Tuesday, 29 March 2011
Doing Starbucks Differently
It's very easy to make the argument that British society and culture are stultifying and homogenising; talk a walk through your town or city centre and chances are, you will be seeing the same shopfronts as would anybody else walking in their town centres. In terms of cafes, a cursory glance through Doncaster town centre yields Starbucks, Costa and Nero, as does Cambridge. The staff outfits are the same. The tables and chairs are the same. The background music is the same. The drinks are the same.
But the Starbucks experience is different. Starbucks Doncaster and Starbucks Cambridge, despite their aesthetic similarities, each reflect back the characteristics of the micro-cultures and norms of the locations in which they are situated. This irrevocably alters the normative behaviours of Starbucks and, as I found today, subtle differences in expectation alter the ways in which people practice Starbucks.
For me, Starbucks is first and foremost an overpriced, noisy thinking space. The silence of libraries sets off my internal monologues, or even worse my internal singing of Rihanna's 'Unfaithful'. So off I toddle to Starbucks with a backpack full of laptop, books, articles, notepads and my portable foldable lectern (yes, yes, I know).
In the Cambridge Starbucks on Market Square, you can go in for your morning coffee at 8am, safe in the knowledge that it will be packed out with students.
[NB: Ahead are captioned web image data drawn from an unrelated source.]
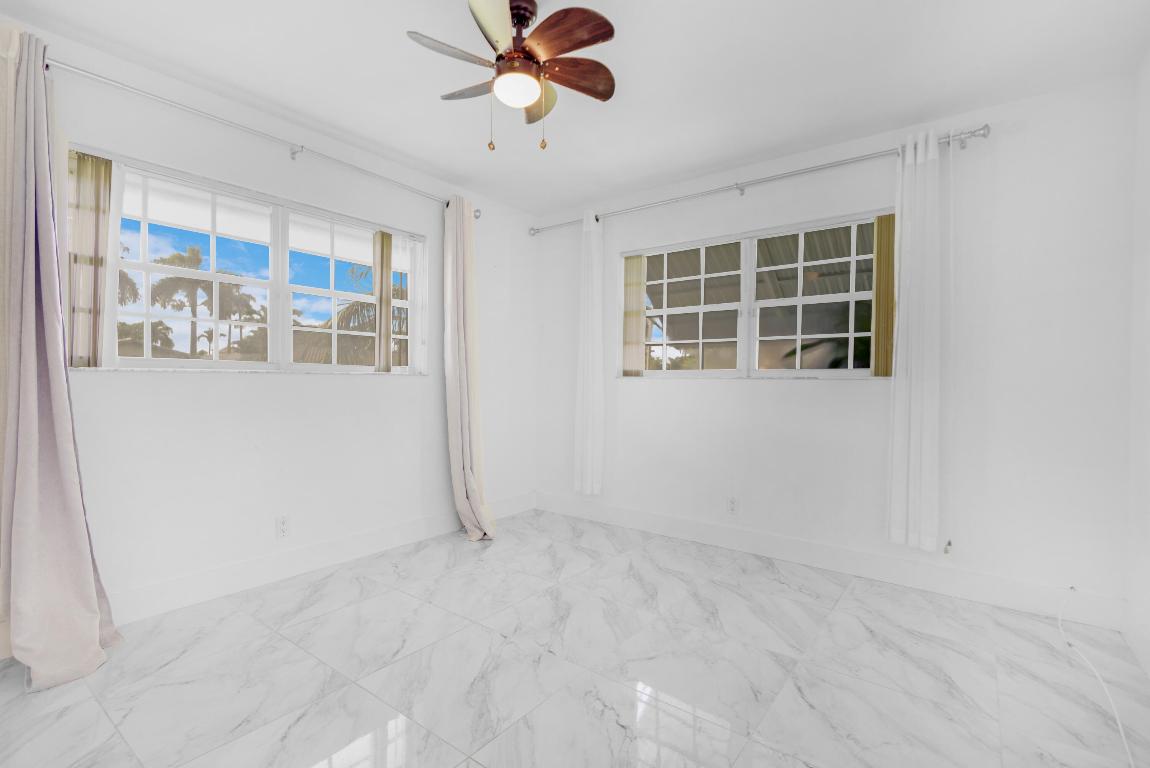 4201 NE 22nd Terrace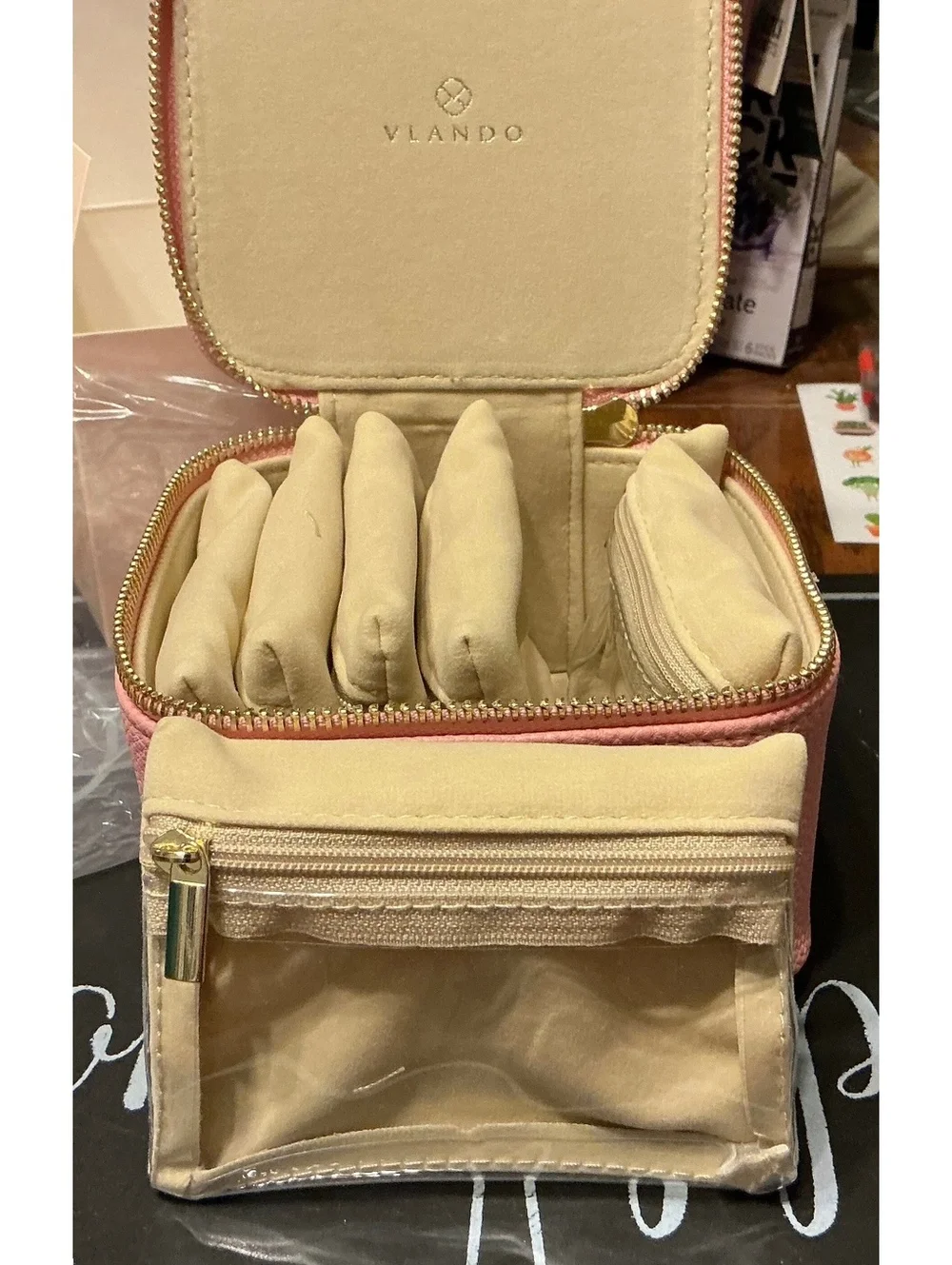 Vlando gifts teachers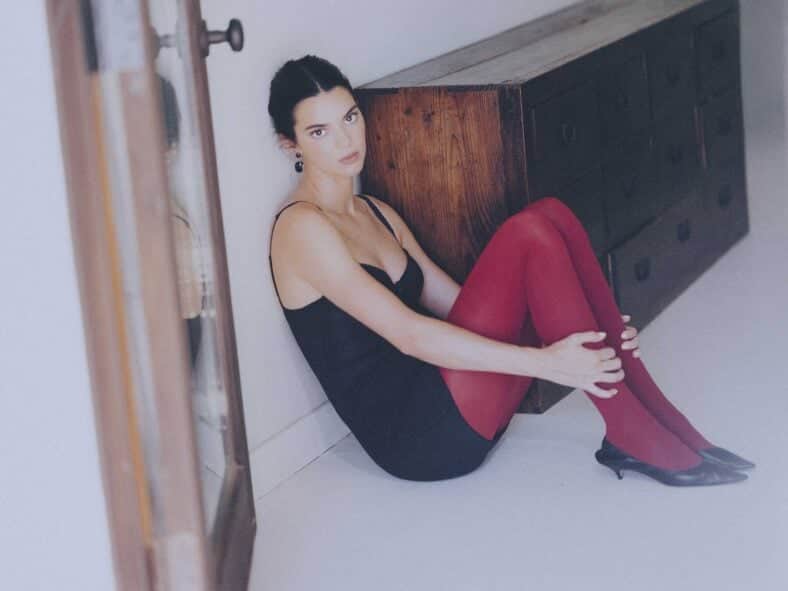 Leggy Kendall Jenner welcomes the holiday season in bold red Calzedonia tights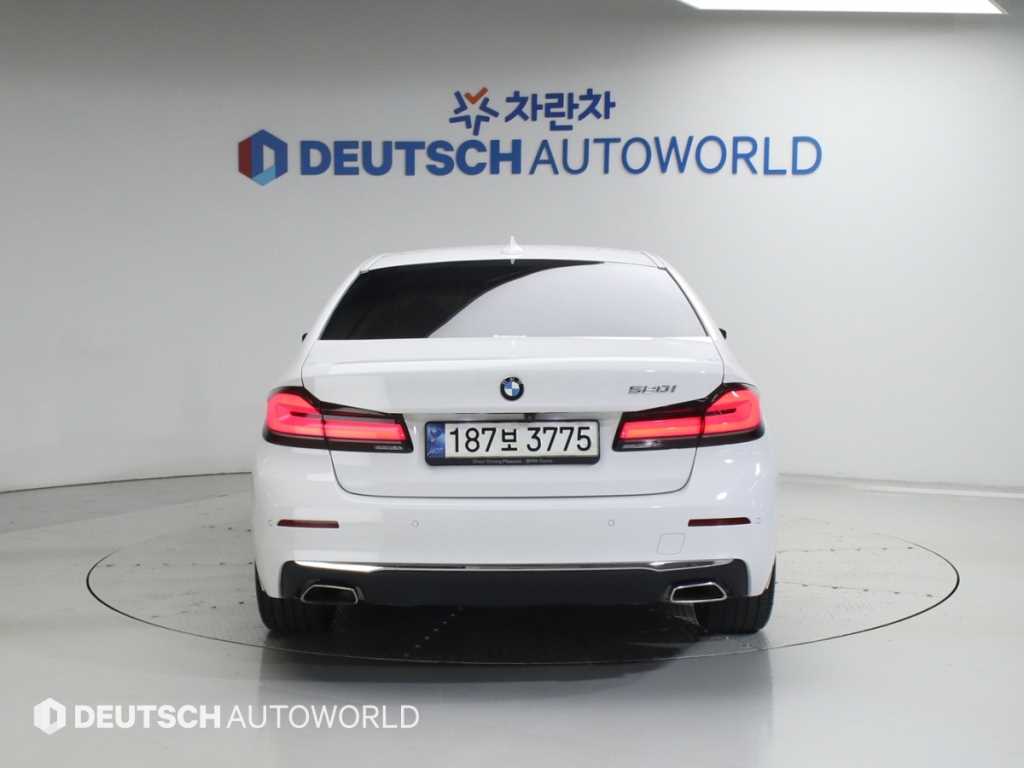 BMW 5 Series - Vista 4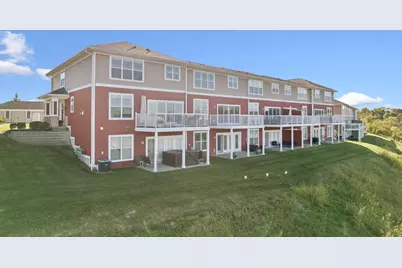 535 Riverpointe Drive #4, Dayton, KY 41074 - Photo 8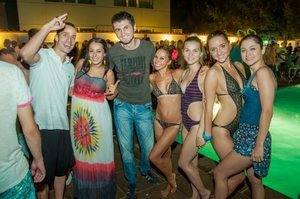 Chat with Kaylie (19) | Texas Casual Partners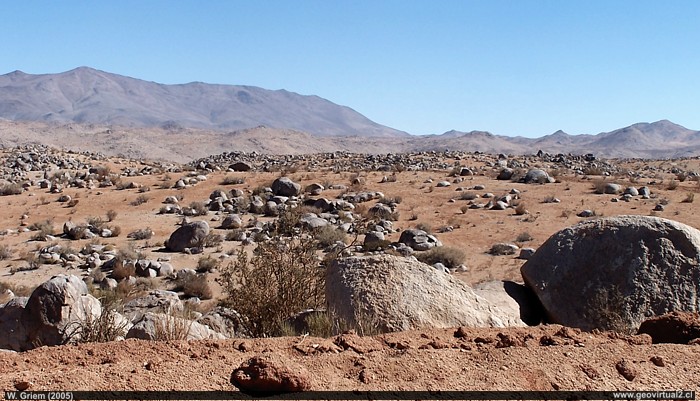 Blockmeer und Hochebene in der Atacama Wüste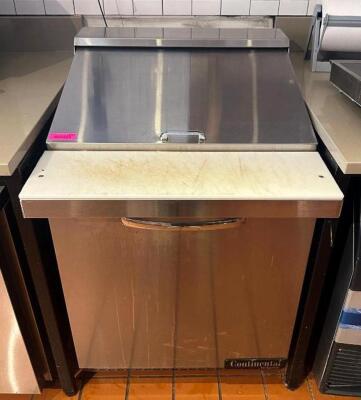 27" STAINLESS STEEL MEGATOP SANDWICH/SALAD PREP TABLE WITH REFRIGERATED BASE ON CASTERS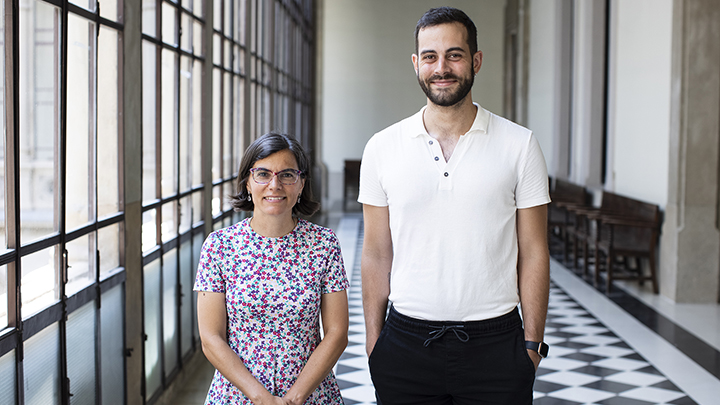 Maria Grau and Carles Pericas, researchers of the Faculty of Medicine and Health Sciences.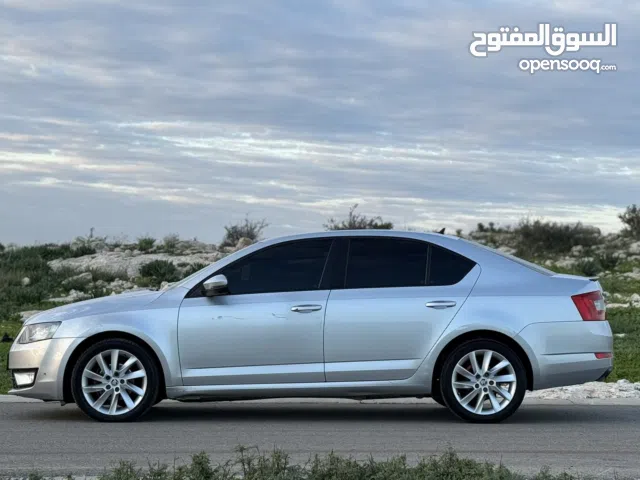 سكودا اوكتافيا 2016 نخب أول بحالة الشركة ديزل 1.6 بوش حساس امامي خلفي حررق سعر كااش فقط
People's shoes come off as they settle themselves, mocha in hand, for a cross-legged power-read of Austen, or Bourdieu or whoever. If the music stopped, all you would hear is the scribbling of pen and paper and the whirring of laptops - the soundtrack to a lecture hall. Buying your 8am coffee and croissant justifies your occupation of a table for the rest of the morning. Friends work together in silence, each doing their own work.
I naively entered Doncaster Starbucks today with similar expectations. I skulked around the store in the quest to find plugsockets and was alarmed to find there were only 3. I got a Chai Latte and perched myself at a table, plugged in my laptop, whipped out my two notebooks and placed them on a chair. I would have benefitted from the lectern, but I knew it would cause too much of a fuss. I became aware, as I worked away, that I was receiving quite hostile glares from other customers, as if to ask why I thought I could monopolise a table with my books. People stick around in Starbucks far less in Donk than in Cam; they drink it down and leave.
On Maslow's hierarchy, Doncaster Starbucks satisfies the physiological need, whereas in Cambridge Starbucks it is all about self-actualisation.
Ultimately, this reflects the way in which citizens of each town utilise and interact with their built environment. For the Cambridge students, whose disposable income is boosted either by parents or by bursaries, the town centre isn't just a place full of shops but is the place where they live, learn, sleep, socialise and rest. Thus, in Starbucks as one of the few places,there are a multiplicity of functions that can be served.
But for Doncaster, the town centre represents solely a place of commerce. Shopping is not conducive to leisure, certainly not to leisurely academia. The way in which Starbucks is used is as a break between shops.
This explains why people looked at me today as though I was a table-hogging twat.